In the records below, the part to copy starts at the line containing "Agolde Mason Cropped" and goes to the last line; output it exactly, without pictures.

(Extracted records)
====

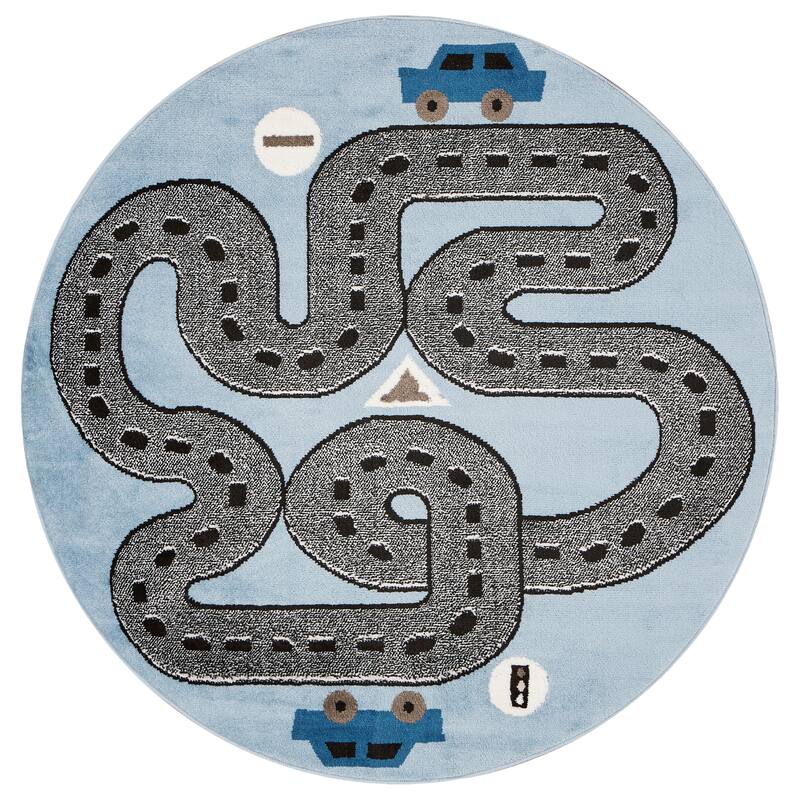 Wren Light Blue Race Track Children's Indoor Area Rug by Sevita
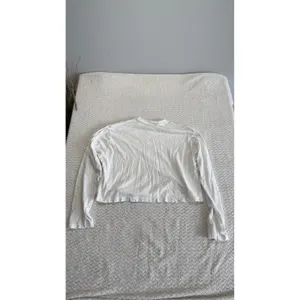 Agolde Mason Cropped Long Sleeve Tee White Organic Cotton A7209-1507 Womens S thumbnail 2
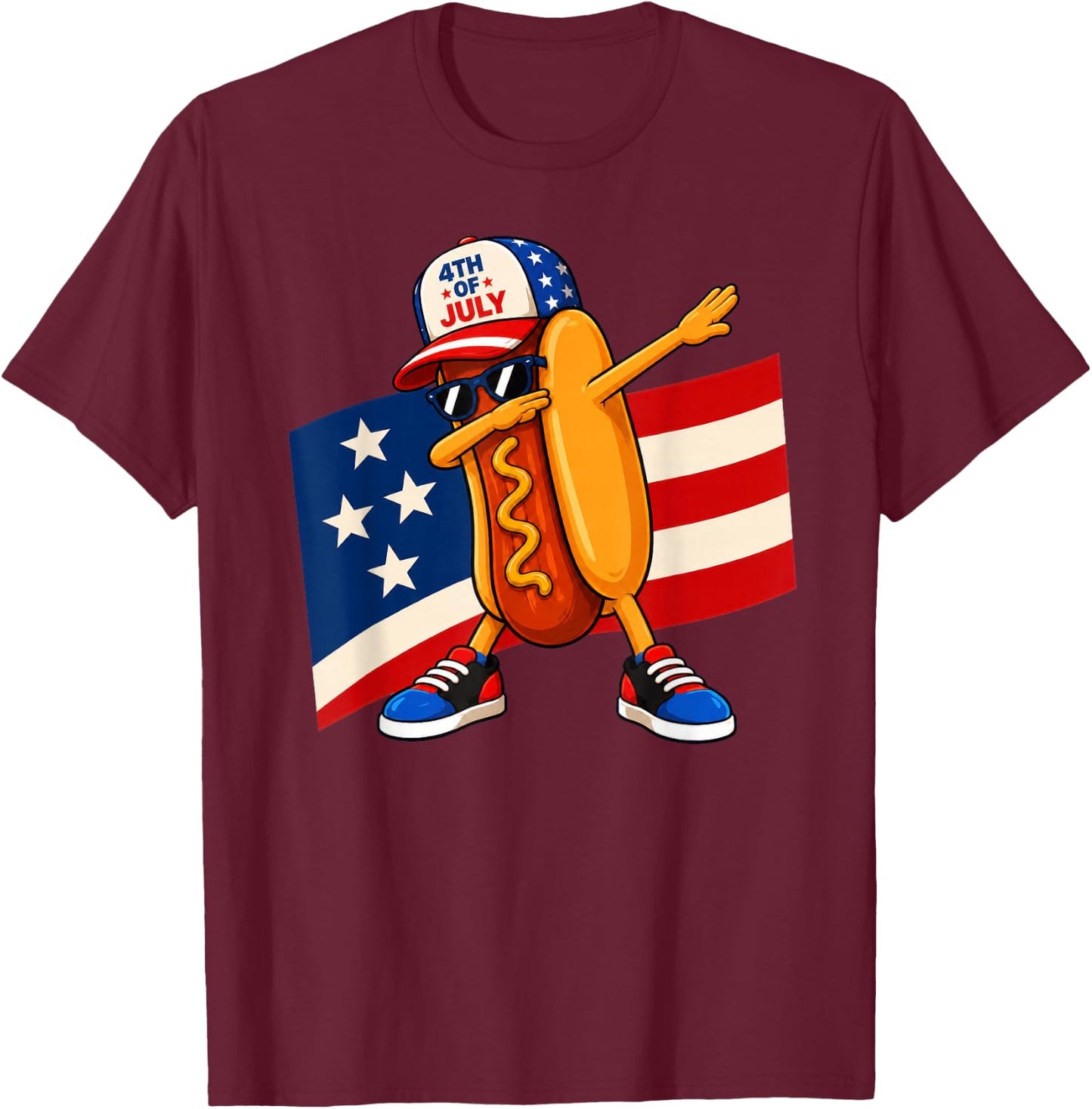Dabbing Hot Dog USA Flag 4th of July T-Shirt - T-Shirt | Maroon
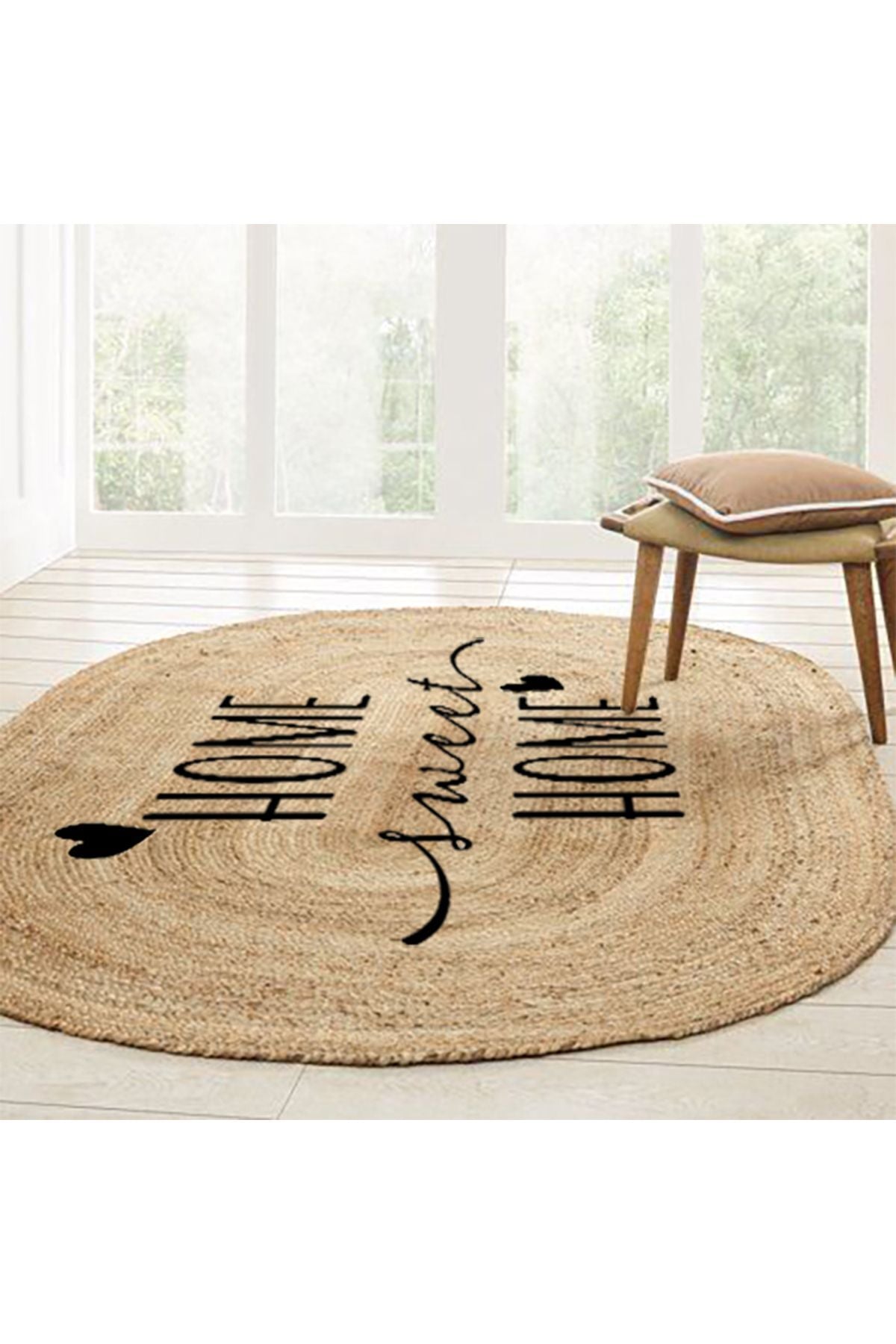 Boho 945 Home Sweet Home Temalı Etnik Desenli Oval Jüt Örme Doğal Hasır Kilim Daire Halı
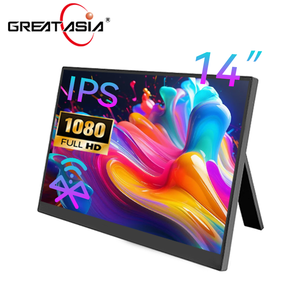 Moniteur portable sans fil 14 pouces Full HD 1080P avec batterie, interface audio Type-C pour ordinateur portable, téléphone, Switch, voyage, bureau, maison - Product Image 1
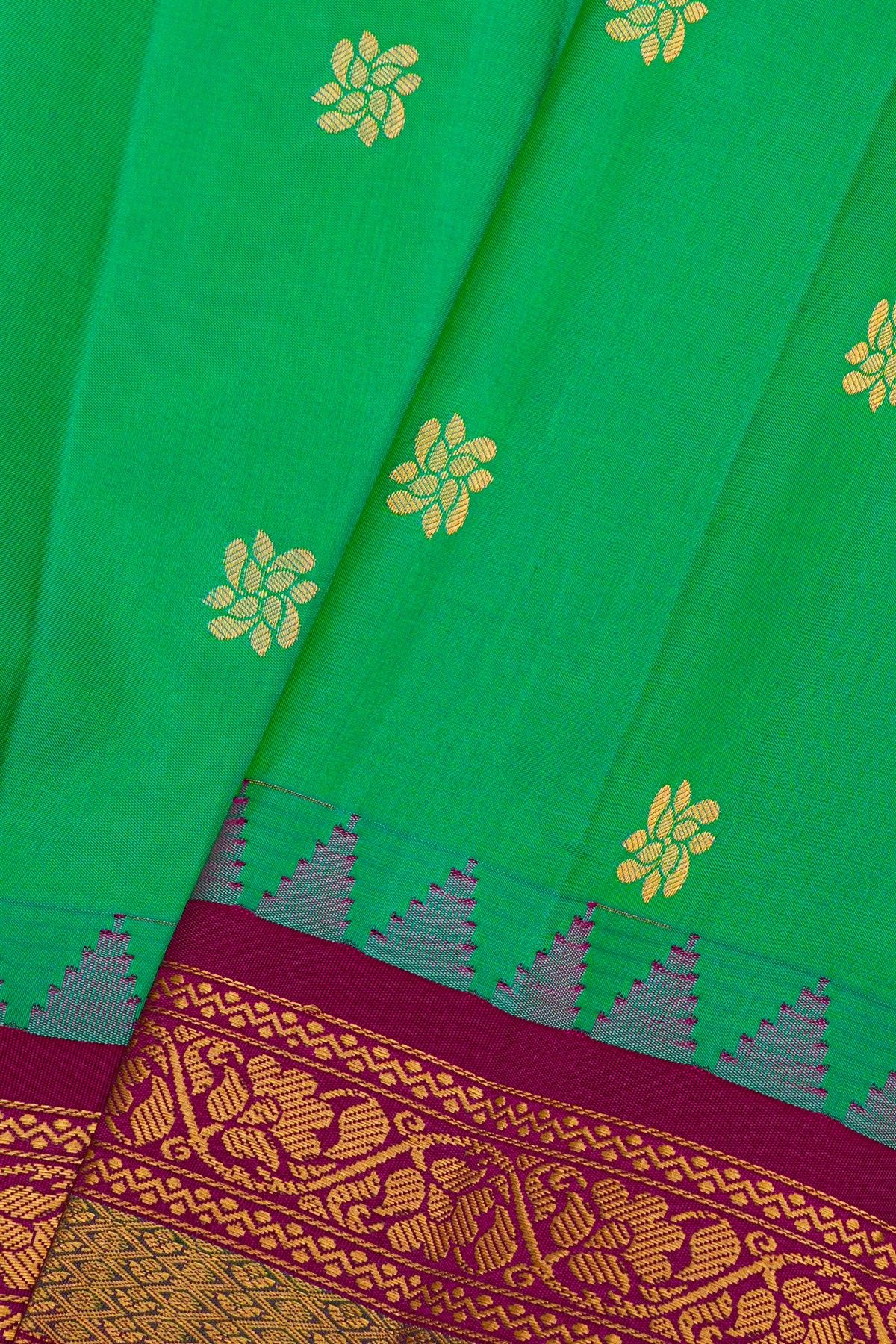 Gadwal Silk Parrot Green Saree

====

▸ **Written reply**:
 Agolde Mason Cropped Long Sleeve Tee White Organic Cotton A7209-1507 Womens S thumbnail 2
Dabbing Hot Dog USA Flag 4th of July T-Shirt - T-Shirt | Maroon
 Boho 945 Home Sweet Home Temalı Etnik Desenli Oval Jüt Örme Doğal Hasır Kilim Daire Halı
 Moniteur portable sans fil 14 pouces Full HD 1080P avec batterie, interface audio Type-C pour ordinateur portable, téléphone, Switch, voyage, bureau, maison - Product Image 1
 Gadwal Silk Parrot Green Saree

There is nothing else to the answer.